Les mesures de relance se multiplient partout dans le monde, mais les montants sont minimes par rapport à l’ampleur de la crise. Le système, déjà ultra-fragile, y survivra-t-il ?
La crise de raréfaction du dollar, dont nous avons commencé à parler hier, est la plus grave ; elle est plus grave que la crise bancaire.
On parle d’une nouvelle forme de crise mais sans bien la comprendre : la crise des changes, la crise de la raréfaction du dollar, la crise du financement en dollar.

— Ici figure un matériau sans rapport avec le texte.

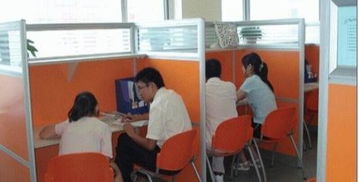 秦皇島新款工位與培訓桌椅全解析 一對一培訓桌與電話銷售桌的應用優勢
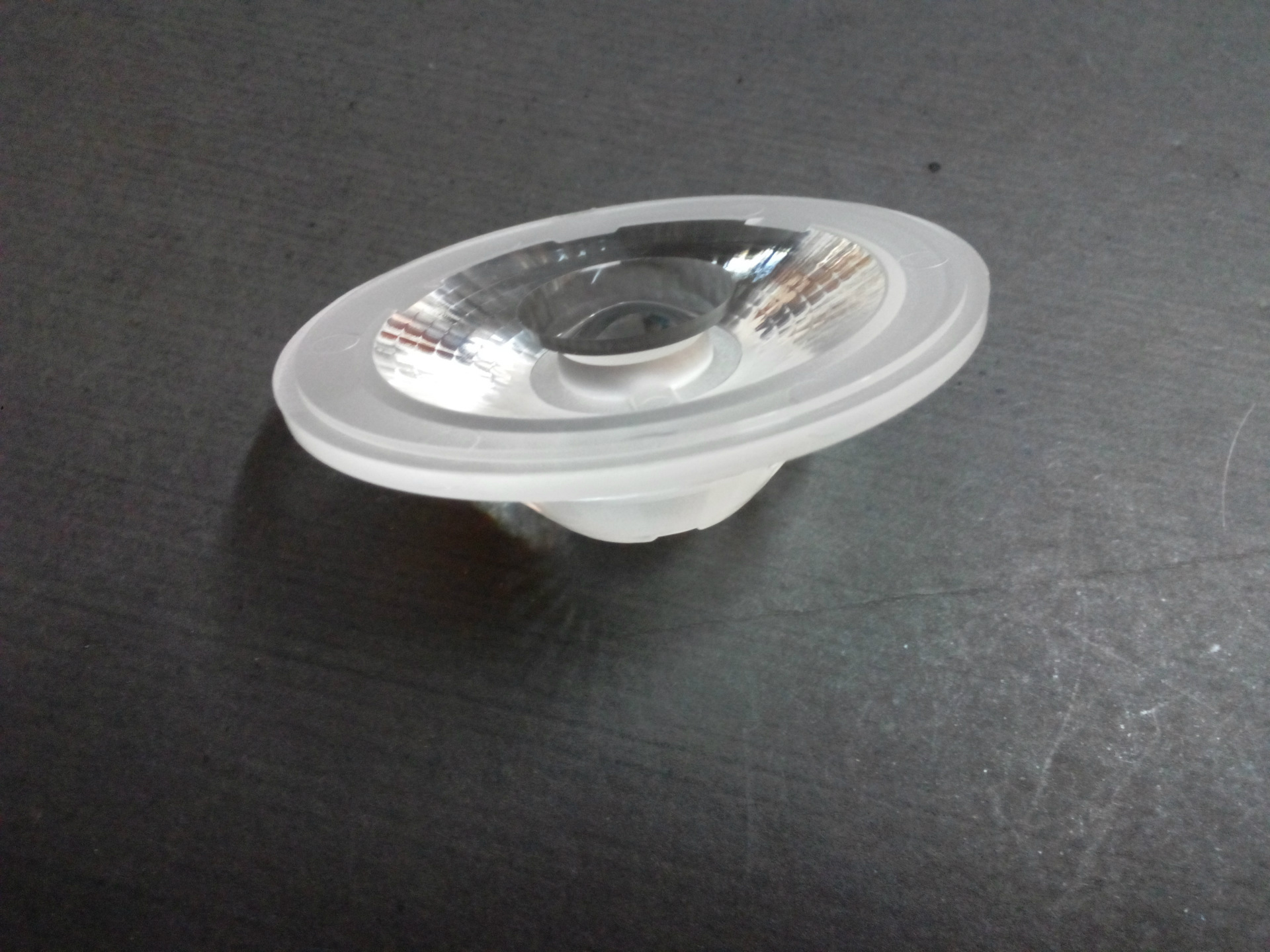 供应直径75mm 24度COB反射镜 COB透镜 深圳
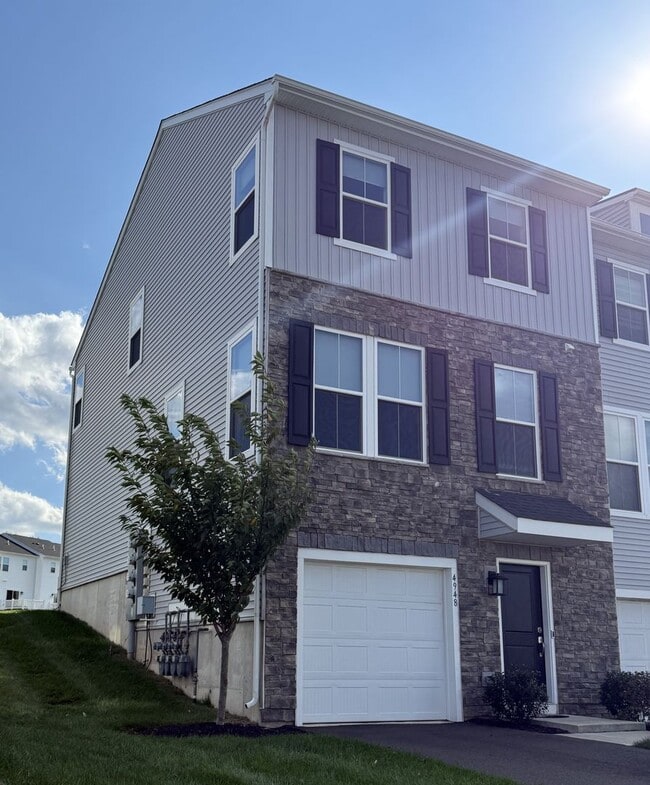 Building Photo - 4948 Brookside Ct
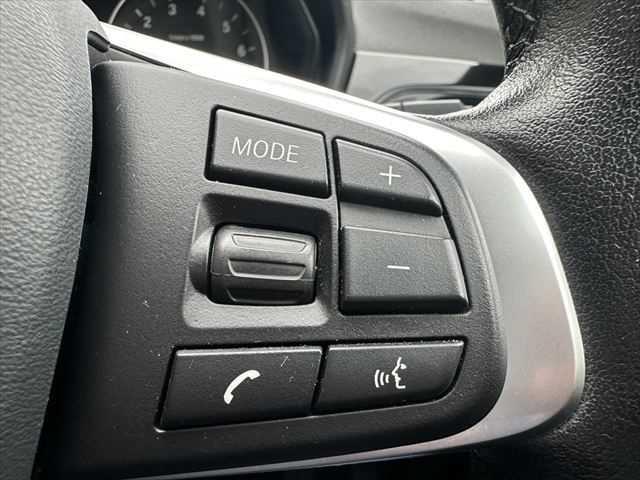 Ｘ１ ｘＤｒｉｖｅ　２０ｉ　ｘライン　コンフォートパッケージ　ドライビングアシスト　パーキングアシスト　パワーバックドア　ＬＥＤヘッドライト　禁煙車　インテリジェントセーフティ　コンフォートアクセス　純正１８インチアルミホイール（37枚目）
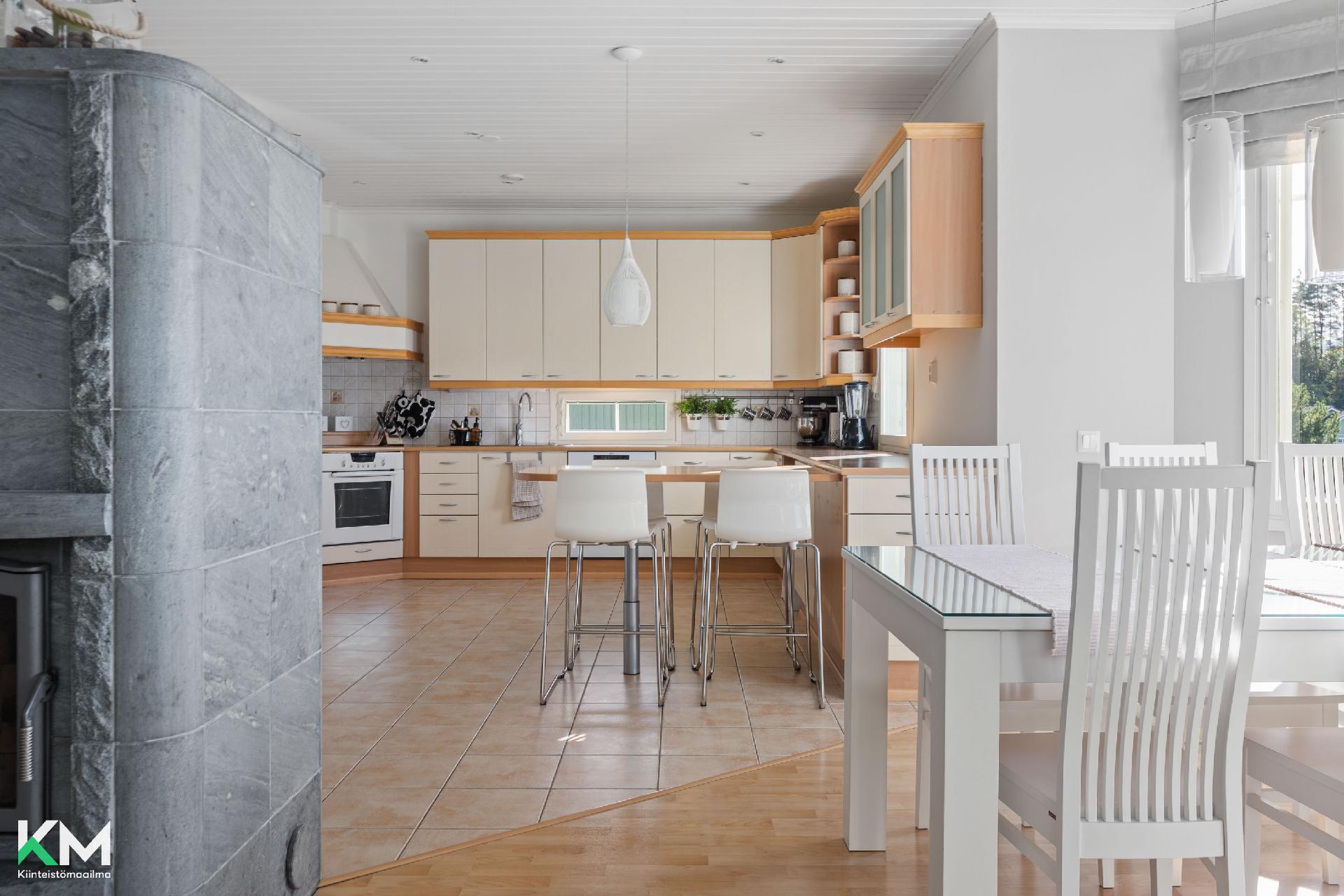 Olohuone/ rt, keittiö.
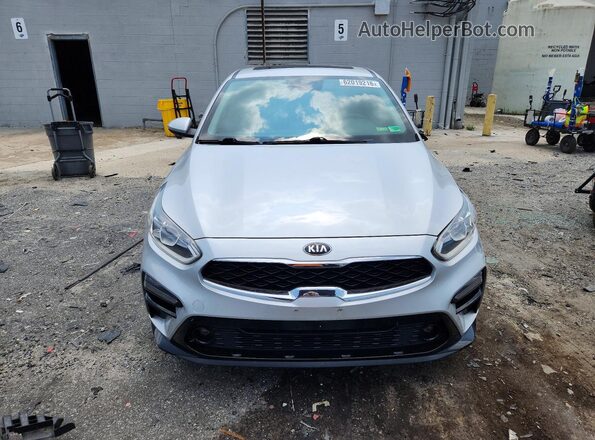 3KPF34AD0KE015926 2019 KIA FORTE Серебряный Вид спереди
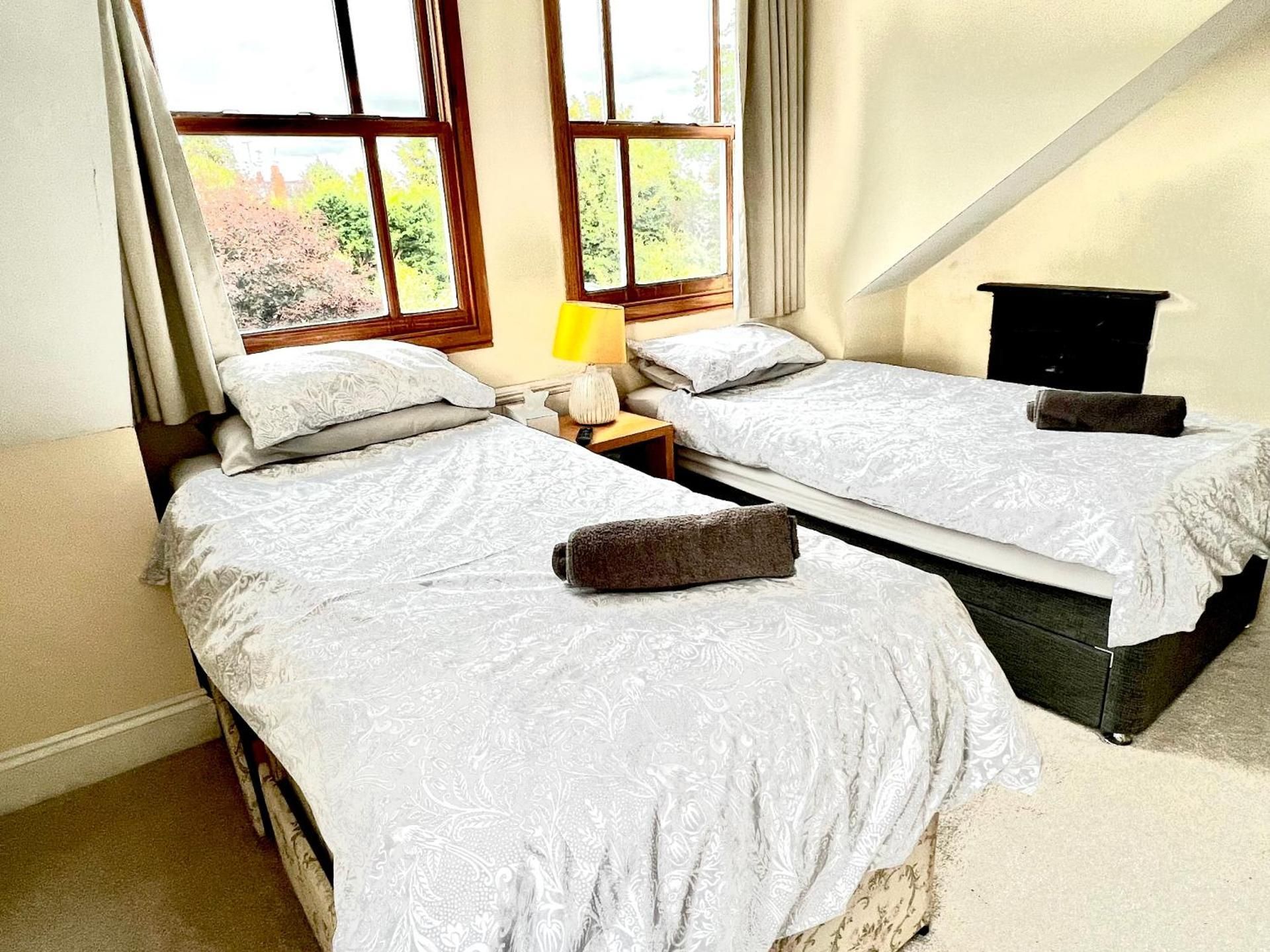  Twin Room with Private Bathroom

Les facilités de swap de la Réserve fédérale, qui permettent de prêter des dollars aux pays exsangues, ont été élargies… mais elles ne sont pas à la hauteur du problème. On est dans le structurel, pas dans le conjoncturel.
Et puis les montants sont colossaux puisque qu’ils sont par dizaines de milliers de milliards, face à un système bancaire mondial cloué dans le risk-off et qui a perdu ses capacités bilancielles. Face à un problème qui se chiffre par milliers de milliards, les remèdes ne sont que par milliards.
Ces mesures ont pour l’instant simplement permis d’arrêter l’effondrement mondial. Ses effets se révèleront éphémères.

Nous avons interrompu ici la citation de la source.